1) Humanity Shares a Moment Together
Sure, despite claims otherwise, most human beings don’t concern themselves with this month-long affair, but approximately a sixth of our species watched a game last time around, and roughly three quarters of a billion people saw the final. So if nothing else, it’s the closest thing that mankind has to a shared moment. That’s something to cherish. How many other things can people from all over the world talk about together? Well, horrible, awful tragedies like the Iraq War or 9/11, I grant you, but “did you see these people get massacred on the news” isn’t the best conversation starter.
2) Except for Belgium
No other event has built in allegiances for everyone. I have good friends from countries here and there in the world, Argentina for instance, so I feel an emotional connection to those countries and support them usually. And then there are countries that make perfect villains, like chauvinist, fascism-inventing Italy (okay, okay… to be fair I don’t really have anything against the country itself, but goddamn are the Italian national team easy to dislike). In nearly every match it’s easy to support one team over the other, because we all have opinions about, and feelings for, be they sensible or prejudicial, most countries on the globe. Except for Belgium.

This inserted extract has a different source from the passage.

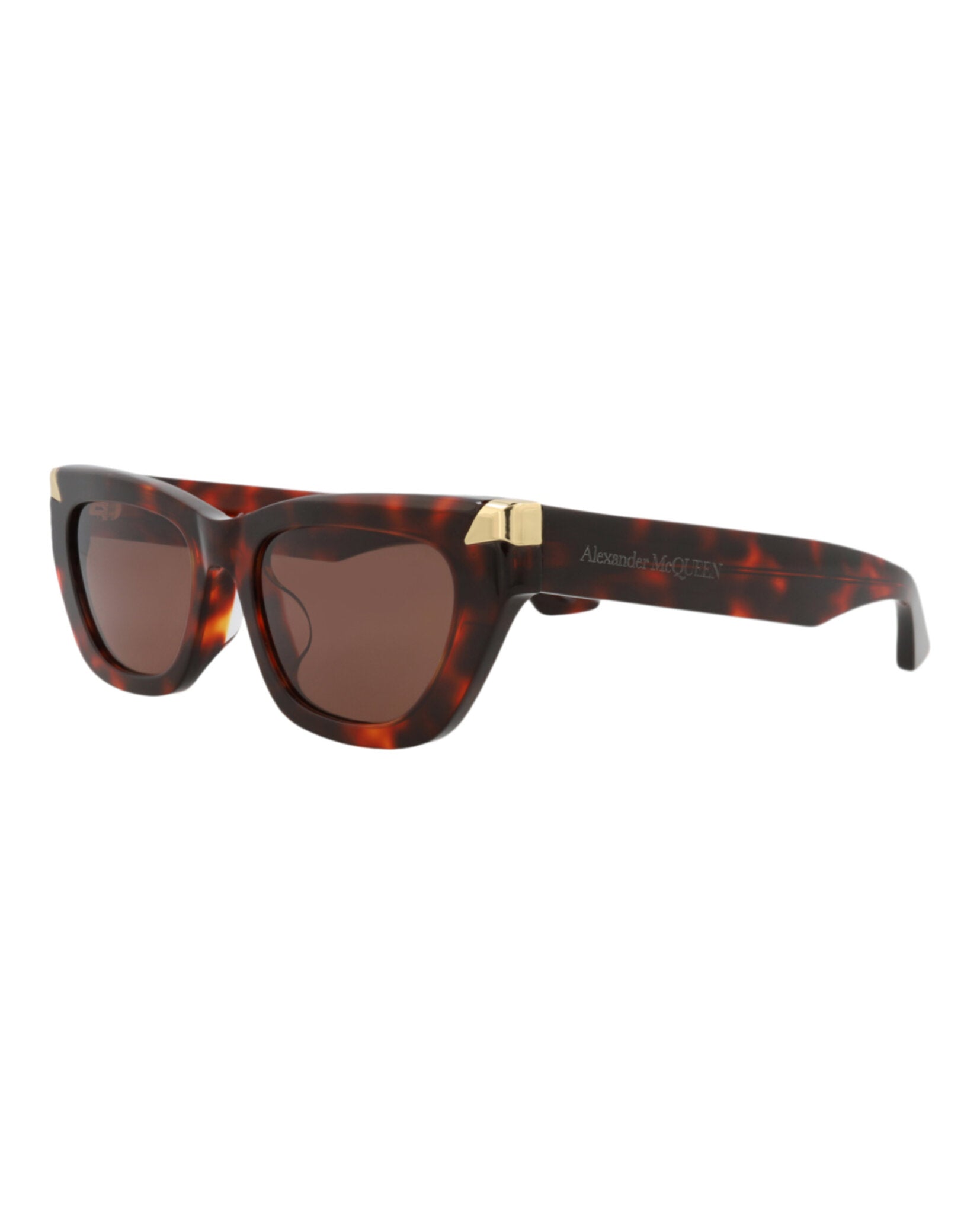 Alexander McQueen Womens Cat Eye Havana Havana Brown Fashion Designer Eyewear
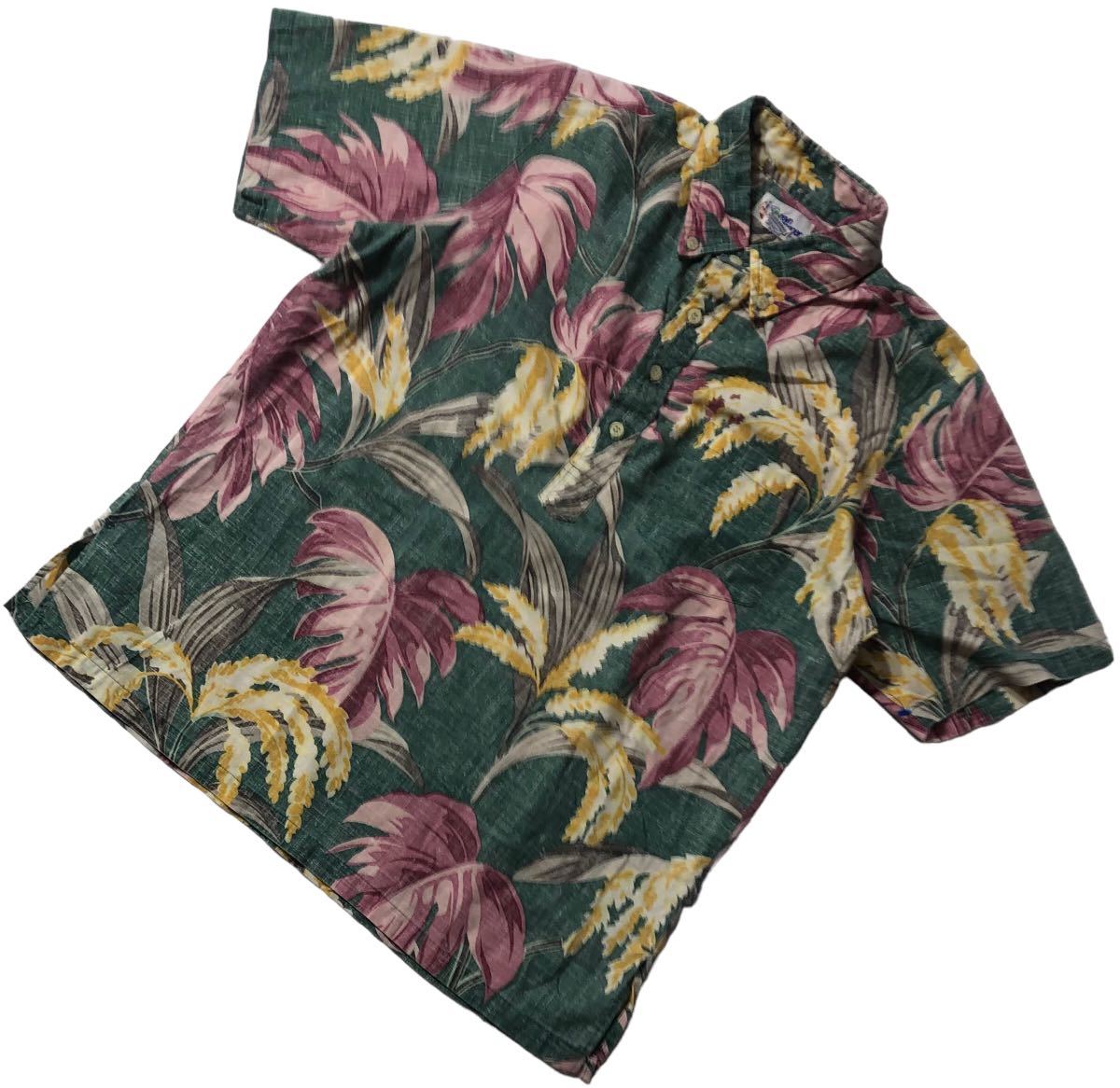 ■ reyn spooner レインスプーナー ■ リバースデザイン ボタニカル 総柄 プルオーバー 半袖 アロハシャツ グリーン系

3) World Cups Can Take Us on an Emotional Journey
The average person can expect to be in good health and of sound mind through 15 World Cups in his or her lifetime. They arrive every four years and throw up enough memorable moments to stick in your mind. As When Saturday Comes pointed out, they are milestones in our lives. Of course, for us obsessives, they can themselves be important events in our lives. The winter of 1997-8 was miserable for me, I was adrift in life, and had no clue what I wanted to do with myself. But that spring something started changing. For the first time ever I started writing creatively in a regular fashion, first fiction and then later poetry. Then I fell into my obsessive ways and watched the World Cup, which paid off marvelously. My beloved French national team won. I was happy beyond reason and was lifted out of the depression I had been in for the last year. The elation lasted me through the summer and into winter and fueled me in my creative pursuits. The winter of 2005-6 was the very opposite. I was happily married, living in a lovely apartment and had an active social life. That next autumn crazy people bought the house my apartment was in (they would sneak in when they thought my wife and I weren’t home, but I caught them once) and later kicked us out. My wife and I separated in the summer of 2007 and that same summer four of my five closest friends in the city I lived in moved away. I’m not saying that France winning in the final would’ve changed anything, but having the French national team be world champions would’ve given me something to live for besides a fear of death.* I know that no World Cup will ever affect me as deeply as these two. I will never again be 17, watching my heroes triumph. I will never again watch the greatest of those heroes completely lose his shit in front of 750 million people.** Nevertheless, the other world cups I watched, 1990, 1994, 2002, all gave me thrills (South Korea getting to the semifinals) and disappointments (I still can’t believe the referee disallowed that goal Belgium scored against Brazil). The World Cup is the only event on a regular schedule that affects me like that. I know that four years from now I will be gripped by World Cup fever, the same goes for the World Cups which will happen after eight, twelve, sixteen years and so on. I will be sitting in front of a screen caring deeply which of two groups of 11 people wins. Even if of one of those two teams is Belgium.
* I kid. Mostly.
** Watching the France semi-final against Portugal, my mom said to me: “Zidane inspires such faith that I would trust him with my infant.” Today you wouldn’t give a baby to Zidane out of fear he would headbutt it into outer space.